Crowley: Yes, Sam was the one who brought me in there for the first play I directed there, and then he asked me to become an associate director there, which meant basically having a desk there and doing one or two plays a year there. We were quite different and I think that’s what drew him to me, because we had quite different tastes and different styles and aesthetics as directors. When he went to make films, it was amazing that he leapt straight in with American Beauty – and quite inspiring – but he was on a very different path from what I knew would be the truthful one for me to start making films. He’s carried on on that level and it’s just a sort of different approach to doing what you do, but it’s no less true to who each of us are. What was interesting was that in one film he put paid to the notion that theater directors can’t make films, even though you can point at countless examples since the invention of cinema. [laughs] Some directors are more cinematic than others, but it’s not a race, it’s “Is it any good or not? Is it truthful or not?”

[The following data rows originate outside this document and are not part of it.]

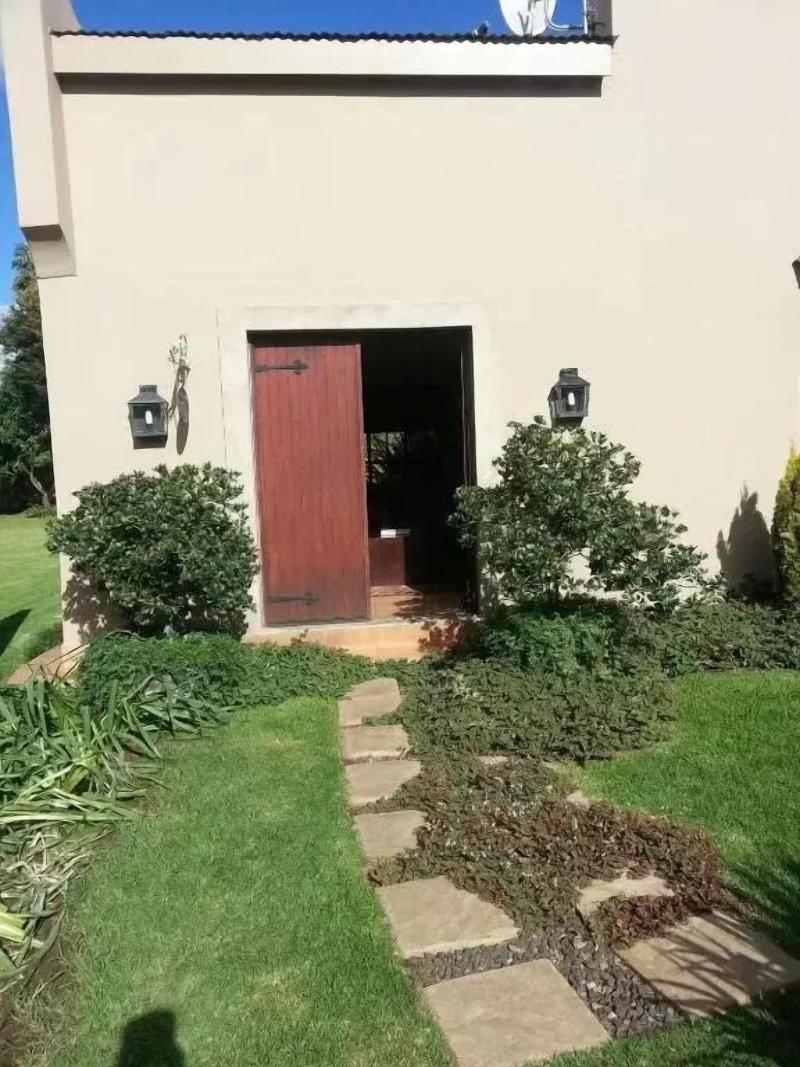 Town And Country Guest House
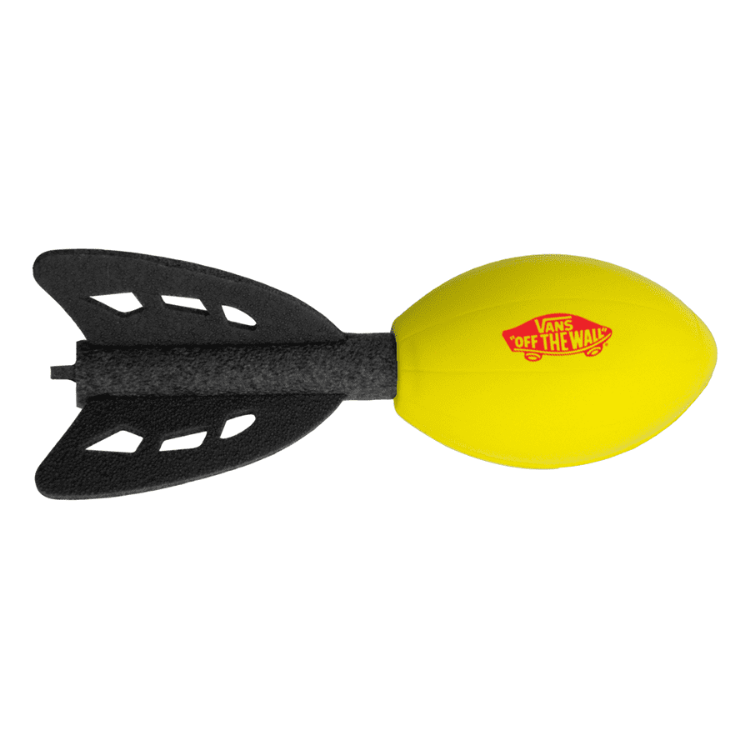 Picture of Football Rocket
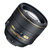 尼康（Nikon）AF-S 尼克尔 85mm f/1.4G 中长焦定焦镜头 人像定焦镜头(黑色 国行标配)第4张高清大图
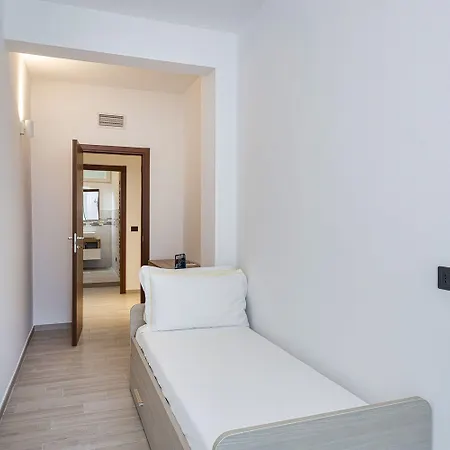 Terrace Flat In Santa Margherita By Wonderful Italy Lägenhet Santa Margherita Ligure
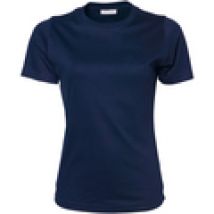 T-shirt Tee Jays  Interlock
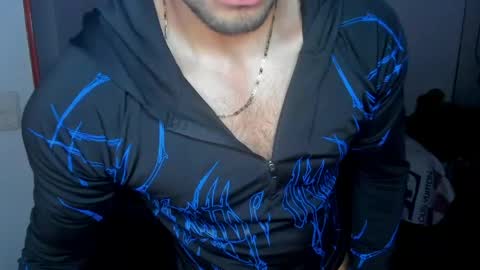 Snapshot of tommy_bred chatting on May 2026 12:04:01 AM Twitter BreddTommy IG tommy bredd online show from May 2026 12:04:01 AM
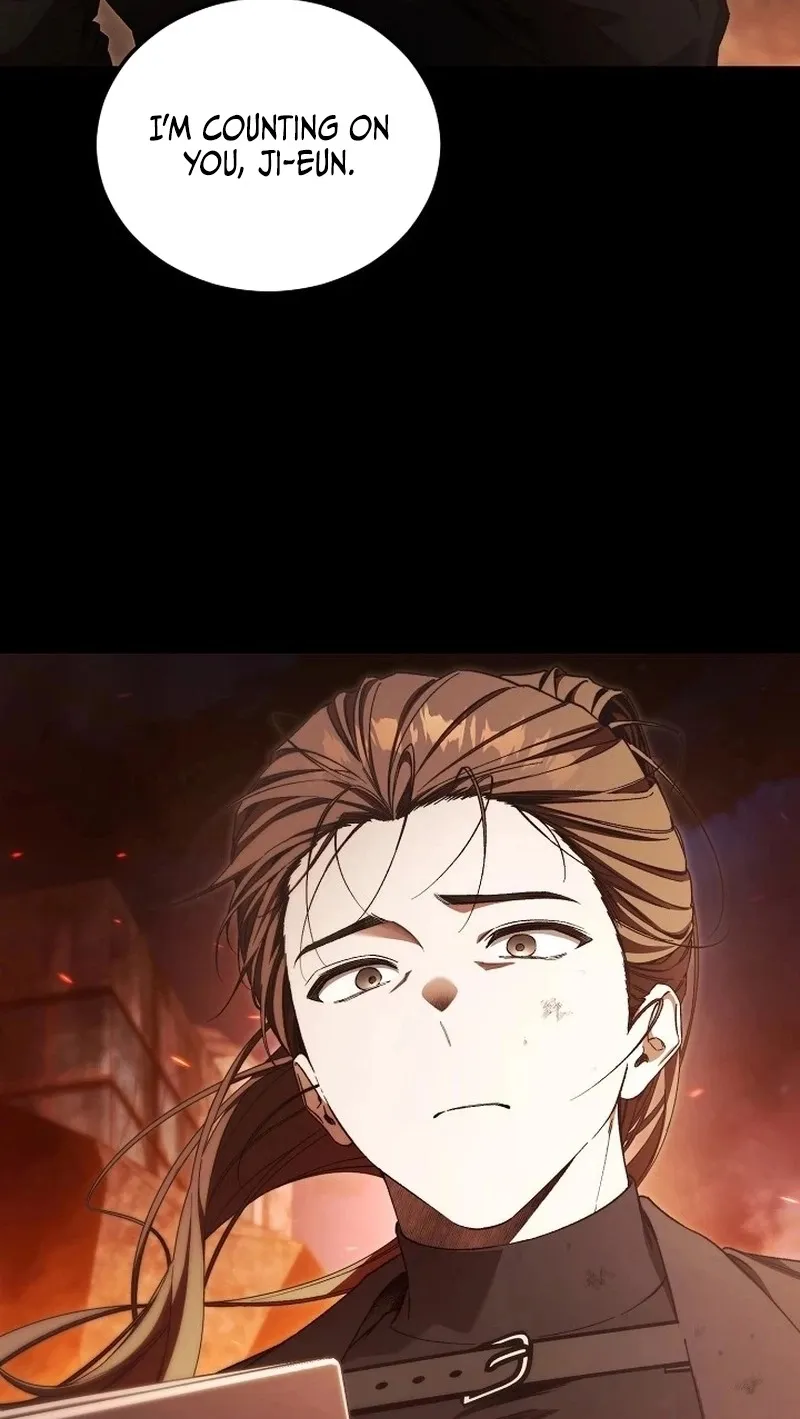 I’ll Retire After Saving the World Chapter 105 301 e54982c89828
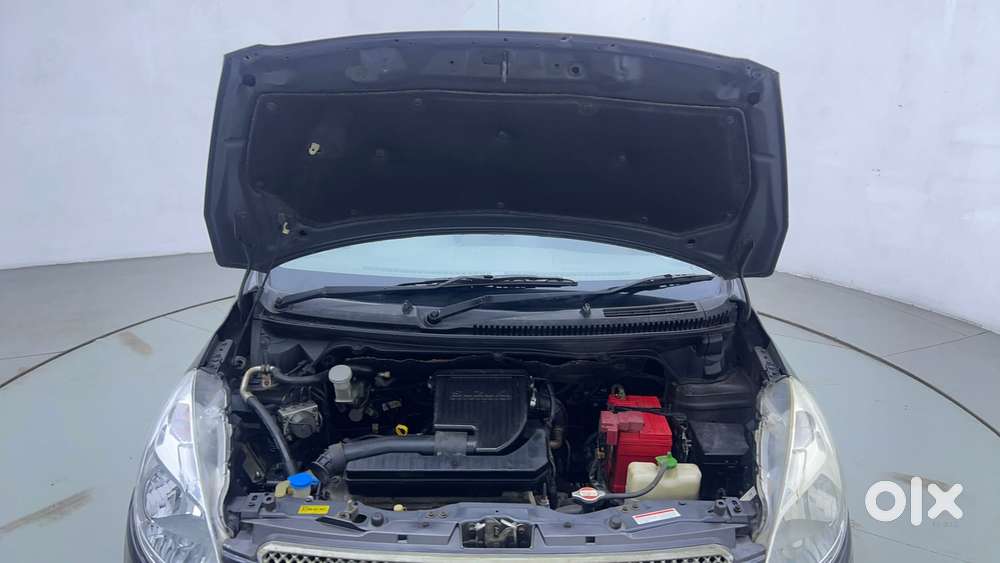 Maruti Suzuki Ertiga 1.5 Zxi, 2015, Petrol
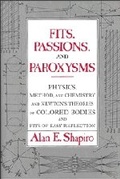 Cover: Fits, Passions and Paroxysms - Cambridge University Press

Filmmaker: What’s the strangest experience you’ve had during your time in the film industry?
Crowley: The very first thing that I did was a Beckett film, Come and Go, as part of the Beckett on Film series, and it was a one-day. I was terrified because I was the only person on set who hadn’t been on a film set before. It was on a soundstage and at 8 o’clock the actors turned up and were ready to go, and the second I got on the soundstage I felt an eerie calm come over me. I suddenly felt, “Oh, my God, I’ve never felt this relaxed in the theater.” It was weird.
Filmmaker: What was your dream job as a kid?
Crowley: When I was very young, it was a fireman because I wanted to be like my old man. Then, actually, I got interested in films, but in that way that you love films and you don’t quite distinguish that somebody directs them and somebody acts in them, you just want to be in them. Somewhere around 17 or 18, the idea of directing films appealed, but it felt so miles away from anything you could do in Ireland. It was pre-camcorders, and getting your hands on the actual resources to do it felt akin to joining NASA. So I stumbled into the theater that way but, if I’m to be honest, the desire to make films was always there.
Filmmaker: What’s the smartest decision you ever made?
Crowley: I’m still waiting for it to happen, to be honest. [laughs] I can’t look back at one and say, “Oh, that was really smart,” I’ve just sort of stumbled blindly from mistake to mistake and somehow it works out OK in the end. [laughs] It works out, but it never looks that way when I’m pointing forward. It looks like chaos.